### Problem requirements
Reproduce only this part of the listing: the line with "傘 最新情報 アウトドアブランドの傘は日常使いでも有能", plus every line after it through the last.

### Recorded data

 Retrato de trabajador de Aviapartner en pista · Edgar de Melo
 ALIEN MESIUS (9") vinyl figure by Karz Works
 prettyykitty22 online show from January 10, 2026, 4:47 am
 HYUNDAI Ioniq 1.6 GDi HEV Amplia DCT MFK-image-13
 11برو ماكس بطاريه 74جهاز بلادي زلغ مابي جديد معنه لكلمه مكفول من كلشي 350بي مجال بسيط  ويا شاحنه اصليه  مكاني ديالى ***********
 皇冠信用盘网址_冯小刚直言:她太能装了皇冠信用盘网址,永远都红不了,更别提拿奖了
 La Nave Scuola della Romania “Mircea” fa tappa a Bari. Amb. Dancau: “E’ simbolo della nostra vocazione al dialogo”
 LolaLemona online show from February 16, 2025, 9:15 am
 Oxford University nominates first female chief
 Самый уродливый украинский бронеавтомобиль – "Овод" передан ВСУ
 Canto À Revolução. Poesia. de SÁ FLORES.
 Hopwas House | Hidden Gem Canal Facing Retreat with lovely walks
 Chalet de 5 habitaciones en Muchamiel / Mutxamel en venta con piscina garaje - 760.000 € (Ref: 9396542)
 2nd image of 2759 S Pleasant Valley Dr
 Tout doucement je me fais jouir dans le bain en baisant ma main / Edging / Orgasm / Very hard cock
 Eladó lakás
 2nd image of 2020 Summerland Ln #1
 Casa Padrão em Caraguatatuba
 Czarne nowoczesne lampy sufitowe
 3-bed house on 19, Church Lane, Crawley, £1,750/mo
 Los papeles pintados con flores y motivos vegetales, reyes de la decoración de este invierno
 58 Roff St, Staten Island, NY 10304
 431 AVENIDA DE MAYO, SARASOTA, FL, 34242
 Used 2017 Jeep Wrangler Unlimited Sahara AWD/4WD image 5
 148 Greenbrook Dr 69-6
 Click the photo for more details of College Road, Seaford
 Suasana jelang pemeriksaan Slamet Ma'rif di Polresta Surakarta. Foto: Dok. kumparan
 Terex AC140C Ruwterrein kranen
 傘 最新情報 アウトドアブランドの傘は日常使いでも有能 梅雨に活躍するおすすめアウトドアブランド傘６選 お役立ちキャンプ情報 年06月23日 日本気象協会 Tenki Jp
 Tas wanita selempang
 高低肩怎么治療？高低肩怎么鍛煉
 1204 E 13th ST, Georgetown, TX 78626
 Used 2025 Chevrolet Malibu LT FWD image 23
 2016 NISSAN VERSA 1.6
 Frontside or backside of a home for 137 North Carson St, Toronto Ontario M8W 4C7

### Answer area
 傘 最新情報 アウトドアブランドの傘は日常使いでも有能 梅雨に活躍するおすすめアウトドアブランド傘６選 お役立ちキャンプ情報 年06月23日 日本気象協会 Tenki Jp
 Tas wanita selempang
 高低肩怎么治療？高低肩怎么鍛煉
 1204 E 13th ST, Georgetown, TX 78626
 Used 2025 Chevrolet Malibu LT FWD image 23
 2016 NISSAN VERSA 1.6
 Frontside or backside of a home for 137 North Carson St, Toronto Ontario M8W 4C7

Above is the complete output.